● **WHAT IS REQUIRED**
Your answer should be only the lines below from the one with "新北身障照顧久任獎勵明年試辦 任職滿1年可獲2.4萬元" to the one with "H&M- White Lightweight", repeated exactly, ends included.

● **DATA FOR REVIEW**
#####

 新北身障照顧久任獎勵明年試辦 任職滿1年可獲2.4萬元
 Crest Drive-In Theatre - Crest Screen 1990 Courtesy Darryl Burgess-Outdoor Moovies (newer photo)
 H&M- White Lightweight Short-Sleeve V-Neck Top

#####

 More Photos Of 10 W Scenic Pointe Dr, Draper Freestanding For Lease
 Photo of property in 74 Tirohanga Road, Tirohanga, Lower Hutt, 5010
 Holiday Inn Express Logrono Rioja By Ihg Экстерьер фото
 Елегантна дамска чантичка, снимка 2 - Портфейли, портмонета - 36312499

#####

● **WRITTEN SOLUTION**
 新北身障照顧久任獎勵明年試辦 任職滿1年可獲2.4萬元
 Crest Drive-In Theatre - Crest Screen 1990 Courtesy Darryl Burgess-Outdoor Moovies (newer photo)
 H&M- White Lightweight Short-Sleeve V-Neck Top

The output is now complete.